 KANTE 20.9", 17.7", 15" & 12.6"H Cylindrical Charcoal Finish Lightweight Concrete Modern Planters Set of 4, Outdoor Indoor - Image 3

---

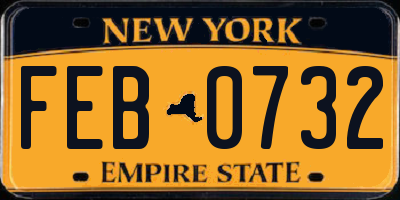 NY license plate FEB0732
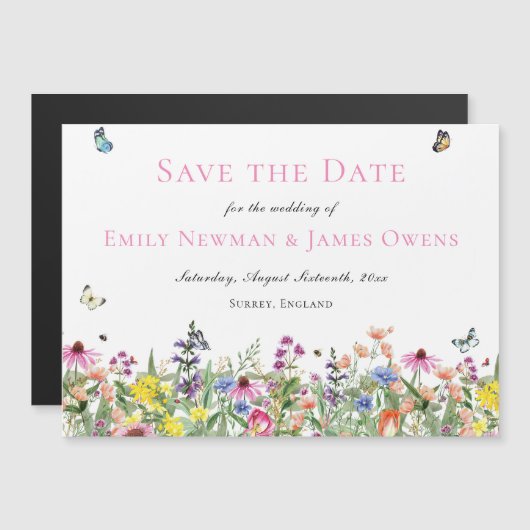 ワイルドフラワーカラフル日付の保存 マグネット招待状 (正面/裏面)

• [Exercise brief] In the entries above, find the line containing "NY license plate FEB0732" and the line containing "ワイルドフラワーカラフル日付の保存 マグネット招待状 (正面/裏面)"; give again exactly those two lines and every line between them, minus the pictures.

• [Task answer]
 NY license plate FEB0732
 ワイルドフラワーカラフル日付の保存 マグネット招待状 (正面/裏面)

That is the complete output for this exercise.